Spirits of Place: Birds in English Place-Names

Post by Michael J. Warren


I’m currently writing a trade book on birds, nature and place in our medieval past. It’s a nature book as a much as a work about medieval literature and culture. The narrative takes me all over Britain, exploring how people understood and connected to the natural world in the Middle Ages. Currently, I’m on home turf in Kent writing about birdy towns and villages (including my home town, Cranbrook). I hope to post something of what I’ve produced soon, but for now, here’s a blog post on the subject of birds in place names that I wrote at the end of last year for Boydell and Brewer:

Interview on Birds in Medieval Poetry

Post by Michael J. Warren


Bit of a cheat post this one, but Boydell have recently published an interview they conducted with me on my book. You can simply click here for the text, or read it below. Hope you enjoy!

Thank you for assisting our discussion of your wonderful title, Dr Warren. To begin, could you tell us a little about how you came to write this book, which is now the second in our new series Nature and Environment in the Middle Ages. What first drew you to the natural world in literature? 
When I decided to return to medieval studies after some years in teaching, it was an obvious choice for me to pursue a subject that combined a personal love of mine with literature. I knew that there was plenty to say about birds, in fact, because I’d written on this subject for my undergraduate dissertation a number of years before. Medieval literature is full of birds, and it seemed strange to me that no one had yet produced a full study examining how they are represented and what their significance is, or at least not one that seriously considered the presence and relevance of ornithological interests, rather than simply birds’ totemic aspects. Birds—as just one, conspicuous set of species in the natural world—were clearly of profound interest to medieval thinkers and writers, and I wanted to explore how and why. So that’s how it all began, but the project inevitably took on much bigger proportions for me as it progressed.

Do animals receive enough attention in medieval scholarship? 
I think it’s more a question of do they receive the right sort of attention. Animals haven’t been ignored in medieval scholarship, but there is a long tradition of thinking that medieval poets weren’t really interested in actual species themselves; it was what they meant that was important. Birds, specifically, have always received short shrift in ornithological histories, which tend to deal with Aristotle, and then skip to the 16th century. The medieval chapter in these histories is always by far and away the shortest—it’s a respectful nod to the more familiar textual references that exist, and which suggest that birds must have been observed on some level, but the popular attitude, at least, is that medieval people ‘knew little about birds, and cared even less’ (Stephen Moss, A Bird in a Bush: A Social History of Birdwatching).

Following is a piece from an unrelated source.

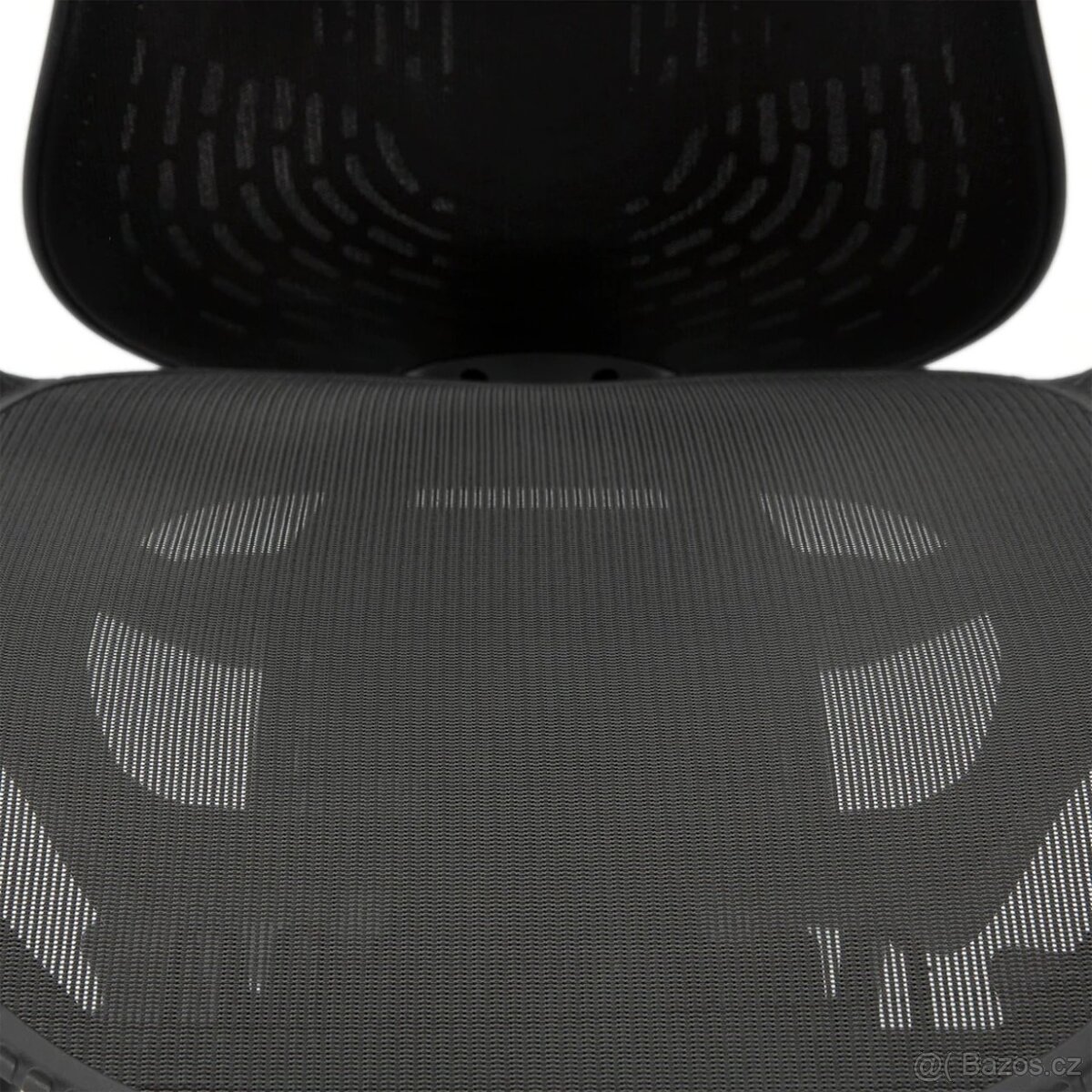 Kancelářská židle Herman Miller Mirra 2 Butterfly NOVÁ,ZÁRU - 4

With the spike in 21st century ecological sensibilities, though, there has been a revolution right across disciplines. Ecocriticism and animal studies have achieved considerable popularity and influence in medieval scholarship over the last decade, striving to emphasise the reality of nonhuman creatures in life and text, and demonstrate that how medieval people thought about the natural world and their relationship to it was much more complex and diverse than we have previously thought. So yes, I do think animals are receiving the right sort of attention in medieval scholarship now, but there’s still some way to go (if you look at how many panels there on nonhuman topics at the big medieval congresses each year in Kalamazoo and Leeds compared to other more traditional topics, there is a very striking disparity).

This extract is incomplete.